**Supplied material:**
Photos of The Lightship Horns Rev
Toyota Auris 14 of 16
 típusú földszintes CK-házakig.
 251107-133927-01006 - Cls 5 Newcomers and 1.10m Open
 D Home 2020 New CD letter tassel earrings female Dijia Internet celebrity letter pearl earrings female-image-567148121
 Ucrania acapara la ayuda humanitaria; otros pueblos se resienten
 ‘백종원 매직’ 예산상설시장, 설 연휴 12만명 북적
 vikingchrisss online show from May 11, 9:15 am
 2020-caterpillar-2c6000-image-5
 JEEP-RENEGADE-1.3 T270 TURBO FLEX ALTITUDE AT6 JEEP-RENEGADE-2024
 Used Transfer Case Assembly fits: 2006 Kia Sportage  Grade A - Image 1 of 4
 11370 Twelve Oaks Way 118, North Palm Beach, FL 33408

**Required work:** Output the line containing "D Home 2020" and all lines after it to the end of the records, exactly as given.

**Response to the task:**
 D Home 2020 New CD letter tassel earrings female Dijia Internet celebrity letter pearl earrings female-image-567148121
 Ucrania acapara la ayuda humanitaria; otros pueblos se resienten
 ‘백종원 매직’ 예산상설시장, 설 연휴 12만명 북적
 vikingchrisss online show from May 11, 9:15 am
 2020-caterpillar-2c6000-image-5
 JEEP-RENEGADE-1.3 T270 TURBO FLEX ALTITUDE AT6 JEEP-RENEGADE-2024
 Used Transfer Case Assembly fits: 2006 Kia Sportage  Grade A - Image 1 of 4
 11370 Twelve Oaks Way 118, North Palm Beach, FL 33408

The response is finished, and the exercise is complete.